Auto-attach is enabled by default. Disable the option if you want to force attach all subscriptions associated with the activation key.
Procedure
- In the Satellite web UI, navigate to Content > Lifecycle > Activation Keys.
- Click the activation key name that you want to edit.
- Click the Subscriptions tab.
- Click the edit icon next to Auto-Attach.

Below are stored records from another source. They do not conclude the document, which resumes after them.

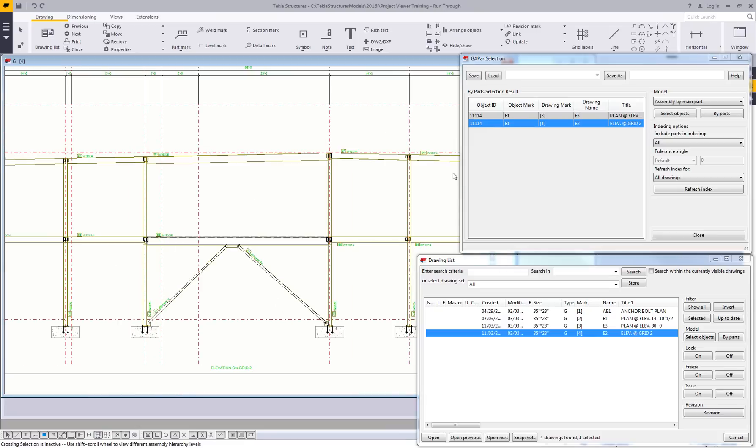As mentioned, this tool is available for download on the Tekla Warehouse. We'd encourage you to try it out, send us any feedback that you may have, and we hope you enjoy this development.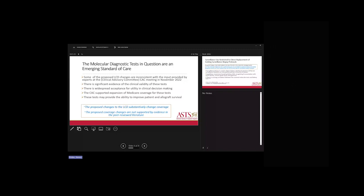The molecular diagnostic tests in question are an emerging standard of care in solid organ transplantation. Some proposed LCD changes are inconsistent with input from subject matter experts at the Clinical Advisory Committee meeting in November 2022, which found significant evidence of clinical validity, widespread acceptance for clinical decision-making utility, and supported an expansion rather than limitation of Medicare coverage. These molecular tests may improve long-term patient and allograft survival. The proposed coverage changes are not supported by the abundant evidence in peer-reviewed literature.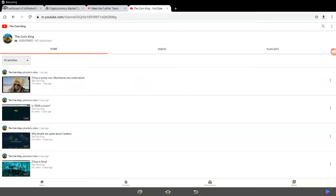Alright guys, welcome to another episode of the Coin King crypto video. Today is another exciting day.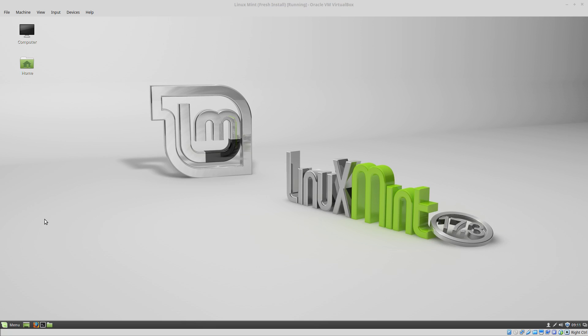Hello everyone, in this video we're going to install Node.js in our Linux Mint virtual machine.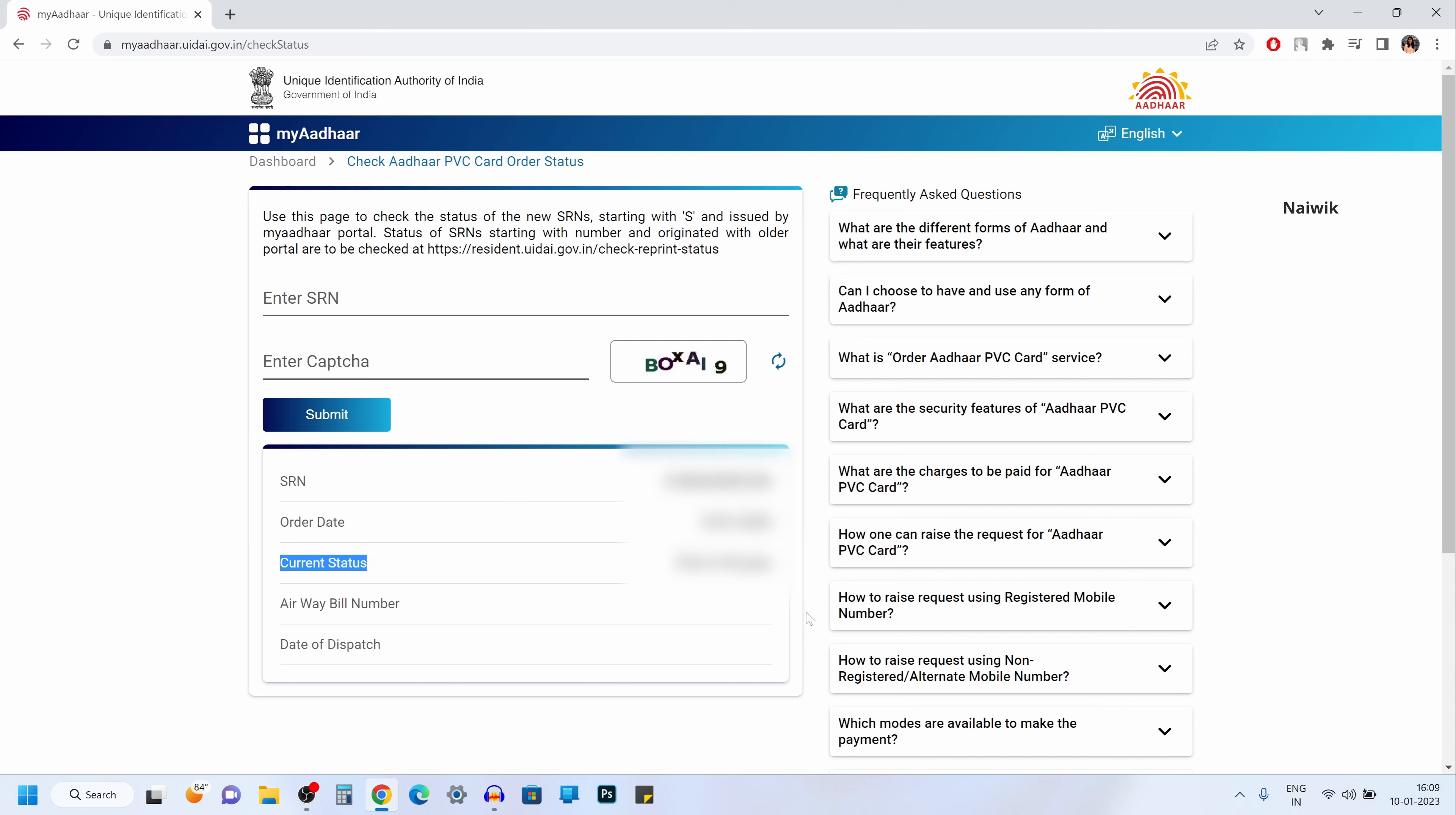If your Aadhaar card is printed and it is dispatched, you will get the airway bill number over here and also the date of dispatch.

- Select or clear the checkbox to enable or disable auto-attach.
- Click Save.
CLI procedure
Enter the following command to enable auto-attach on the activation key:
# hammer activation-key update --name "My_Activation_Key" \ --organization "My_Organization" --auto-attach true
9.6. Setting the service level
You can configure an activation key to define a default service level for the new host created with the activation key. Setting a default service level selects only the matching subscriptions to be attached to the host. For example, if the default service level on an activation key is set to Premium, only subscriptions with premium service levels are attached to the host upon registration.
Procedure
- In the Satellite web UI, navigate to Content > Lifecycle > Activation Keys.
- Click the activation key name you want to edit.
- Click the edit icon next to Service Level.
- Select the required service level from the list. The list only contains service levels available to the activation key.
- Click Save.
CLI procedure
Set the service level to Premium on your activation key:
# hammer activation-key update \ --name "My_Activation_Key" \ --organization "My_Organization" \ --service-level premium
9.7. Enabling and disabling repositories on activation key
As a Simple Content Access (SCA) user, you can enable or disable repositories on an activation key in the Satellite web UI.
Procedure
- In the Satellite web UI, navigate to Content > Lifecycle > Activation Keys.
- Select an activation key.
- Select the Repository Sets tab.
- From the dropdown, you can filter the Repository type column to Custom or Red Hat, if desired.
- Select the desired repositories or click the Select All checkbox to select all repositories.
- From the Select Action list, select Override to Enabled, Override to Disabled, or Reset to Default.